2. The method according to claim 1, wherein the obtaining sample data and labeling the sample data with an entity label to construct a first sample set comprises:

dividing the sample data into a named entity text and a non-named entity text;

labeling an entity label on the named entity text;

marking the non-named entity text as O;

3. The method according to claim 2, wherein selecting a pivot character from the first sample set and constructing a label mapping space based on the pivot character comprises:

constructing the label mapping space M according to the following formula:

4. The method according to claim 3, wherein the mapping the first set of samples to a second set of samples using the label mapping space comprises:

selecting entity labels in a first sample set;

mapping texts corresponding to the entity labels in the first sample set according to the following formula to obtain a second sample set S containing texts and target texts ₂ ＝<Text X, target text X'>：

X'＝{x ₁ ,…,M(y _i ),…,x _n }

5. The small-sample-based named entity recognition method of claim 4, wherein the pre-trained language model is a BERT pre-trained model.

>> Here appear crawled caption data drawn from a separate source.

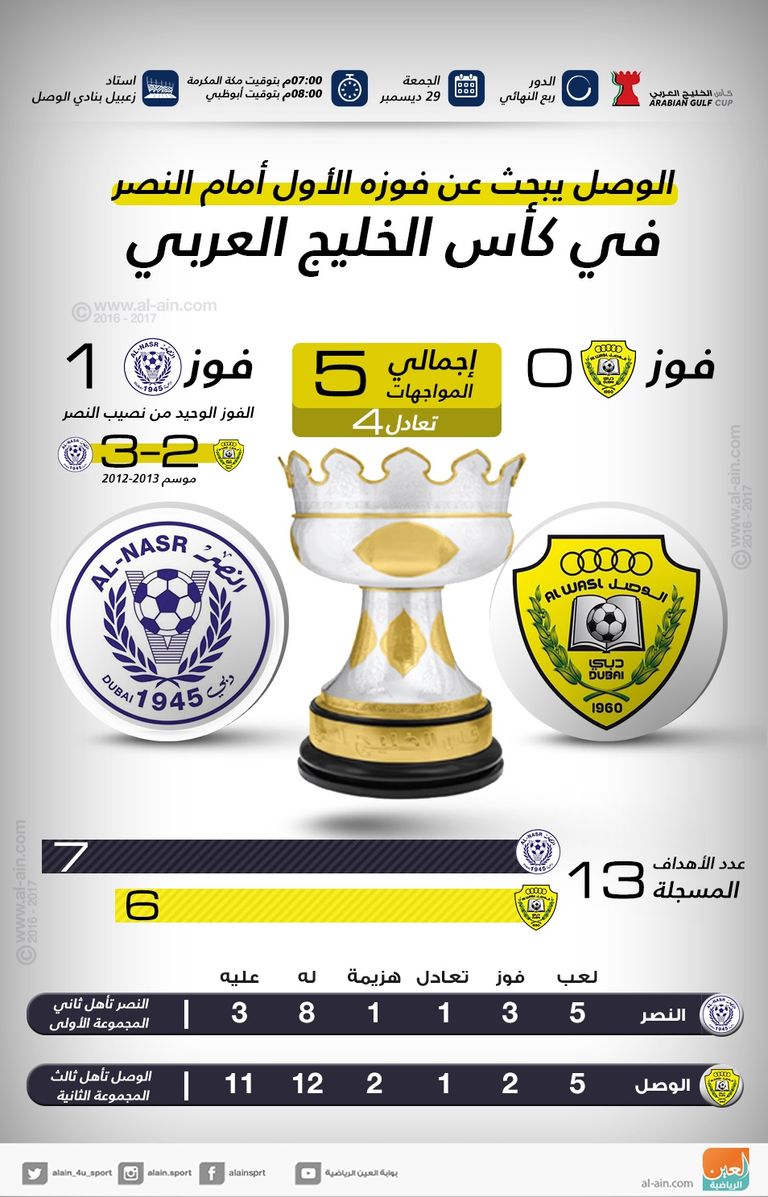 الوصل - النصر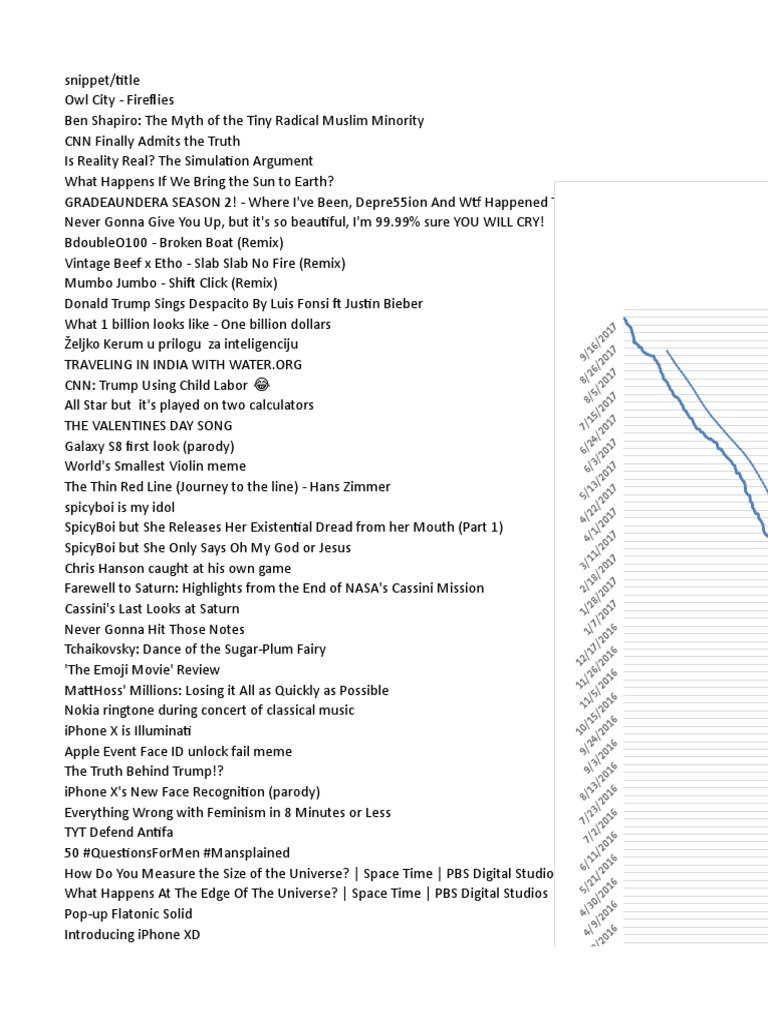 Convert Csv Spacetime Black Lives Matter - roblox cube defense temples and rail miniguns wave 69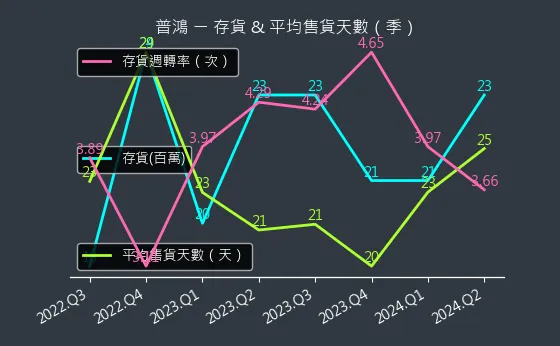 6590 普鴻 存貨與平均售貨天數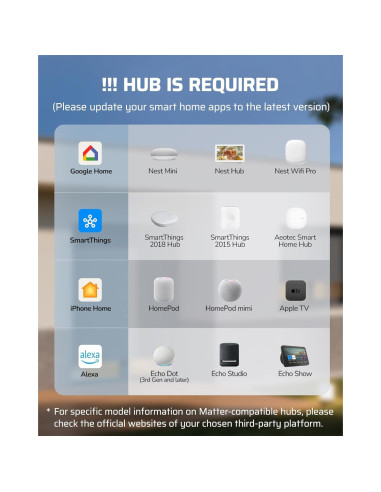 Transformador de Iluminación Paisajística DEWENWILS 300W WiFi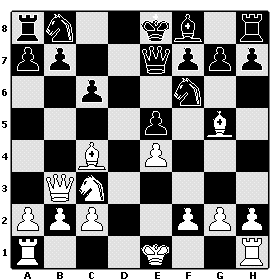 Chessboard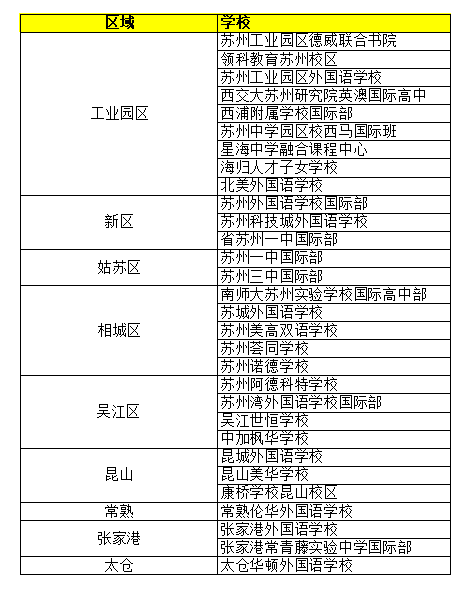 这些理由告诉你值得选择A-Level！苏州A-Level国际学校汇总~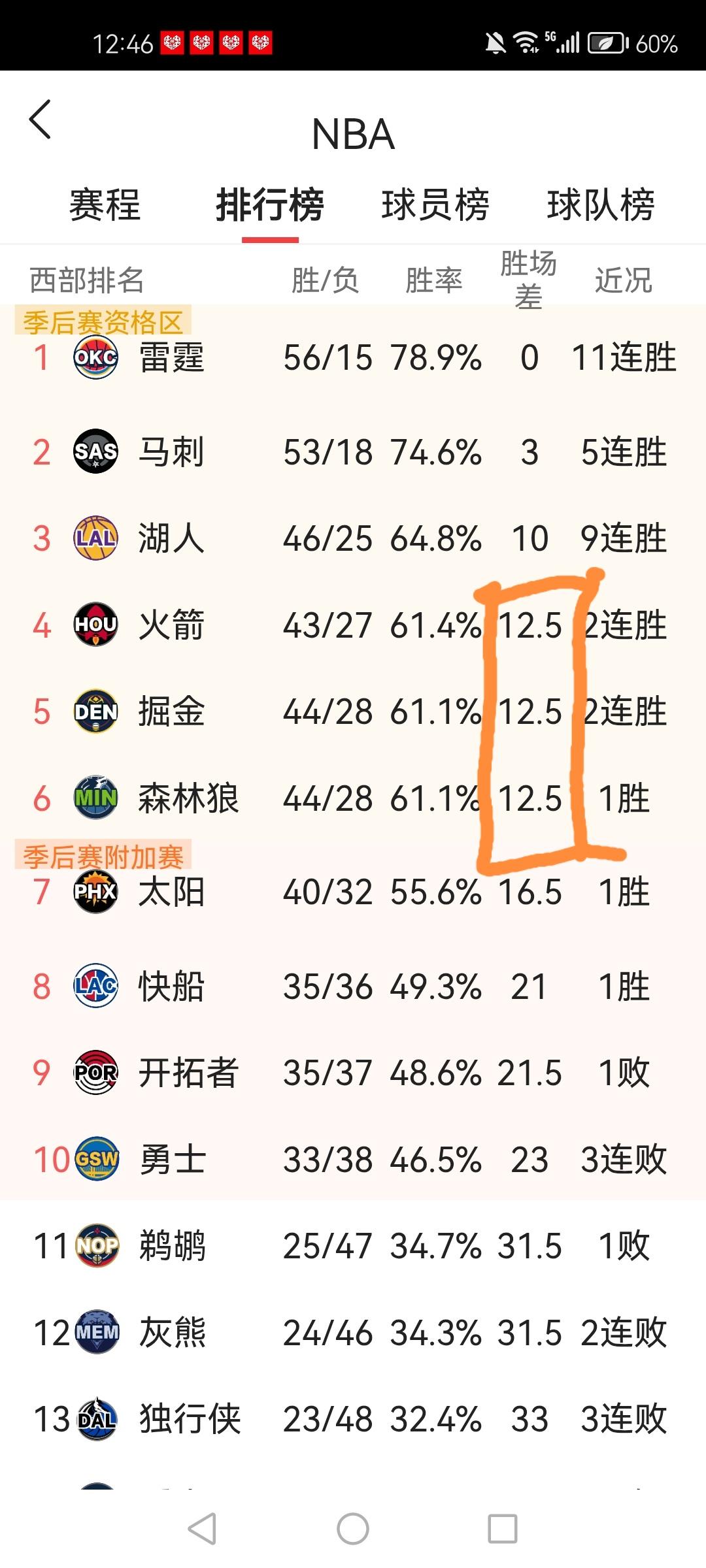 咬紧了！西部四五六再现三星连珠！湖人队掌握了挑选对手主动权
昨天火箭队依靠阿门·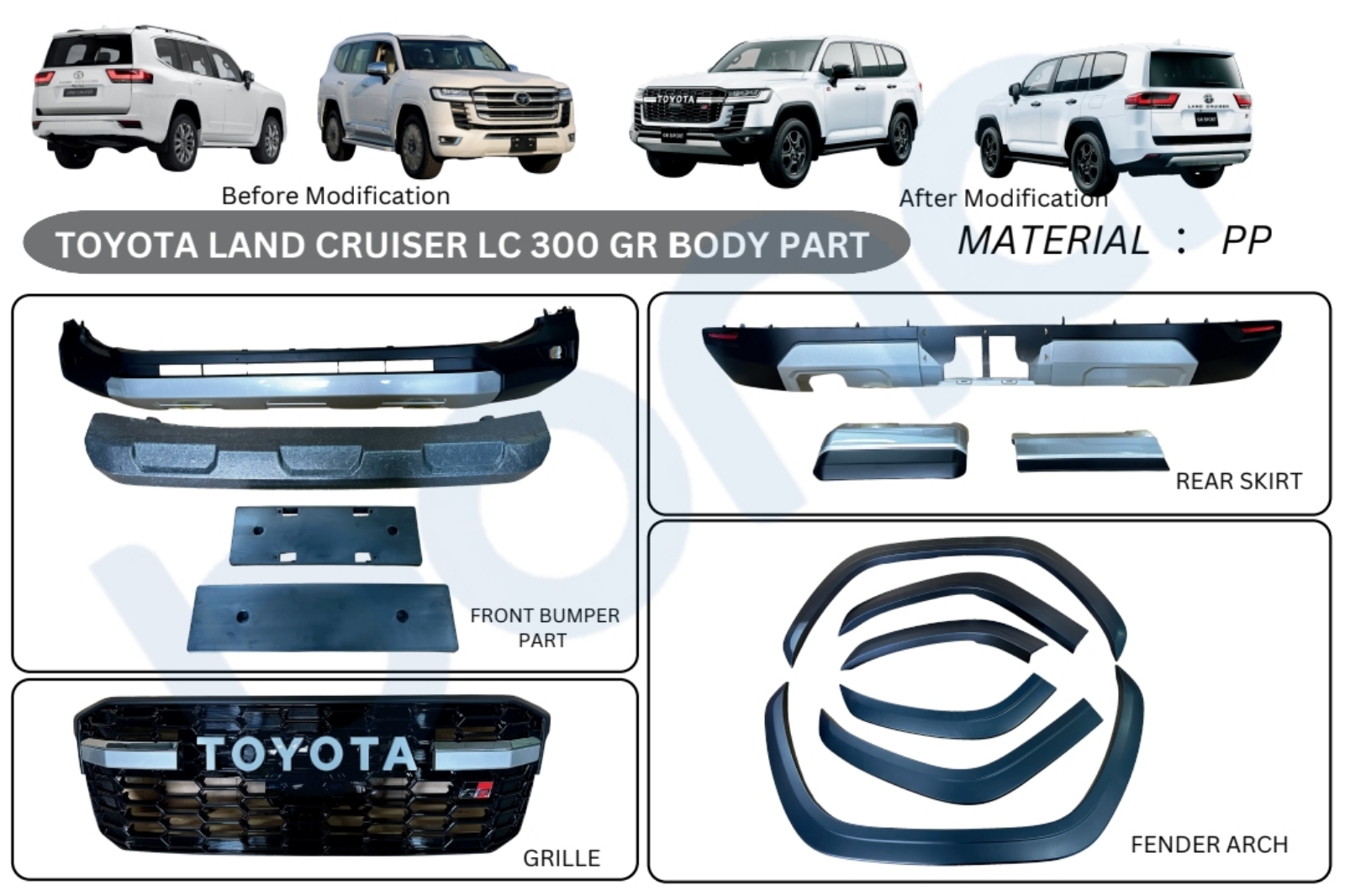 Toyota land cruiser LC300 GR bodykit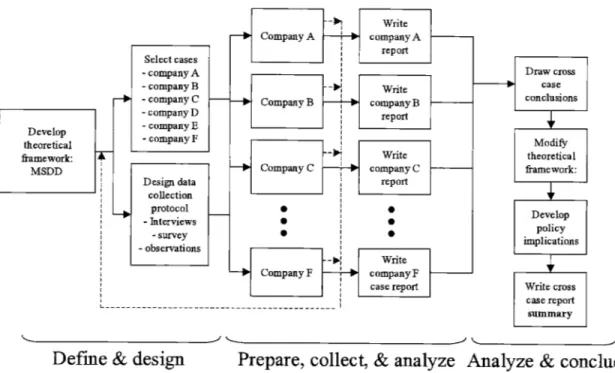 FIGURE  3-4.  THE  MULTIPLE-CASE  STUDY  FRAMEWORK  APPLIED IN  THE FIRST  ROUND CASE  STUDIES  TO  COMPANIES  A,  B,  C,  D,  E,  AND  F,  AND  LITERATURE.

6. The method according to claim 5, wherein the fine-tuning of the pre-trained language model using the second set of samples comprises:

based on the feature encoding, according to the probability P of the input text being predicted as the target text:

P(x _i ＝x′ _i |X)＝softmax(W _LM ·h _i )

wherein x is _i Ith text data, x 'representing input' _i Representing the ith target text data, X representing the text of the second sample set, LM representing the BERT pre-training model, W _LM Representing weights of last full link layer of BERT pre-training model LMParameter, h _i A feature code representing the ith text data;

using the loss function according to

And (3) performing optimization updating on the fine tuning training to obtain a fine tuned BERT pre-training model LM':

7. the small-sample-based named entity recognition method of claim 6, wherein the conducting named entity recognition prediction on a specified text using a trimmed pre-trained language model comprises:

o _i ＝softmax(W _LM' ·e _i )

an ith character representing a prediction;

8. A named entity recognition apparatus based on a small sample, comprising:

a sample mapping unit, configured to map the first sample set into a second sample set by using the label mapping space;

9. A computer device comprising a memory, a processor, and a computer program stored on the memory and executable on the processor, the processor implementing the method for small sample based named entity recognition according to any one of claims 1 to 7 when the computer program is executed.

10. A computer-readable storage medium, characterized in that a computer program is stored on the computer-readable storage medium, which computer program, when being executed by a processor, carries out a method for small-sample based named entity recognition as claimed in any one of the claims 1 to 7.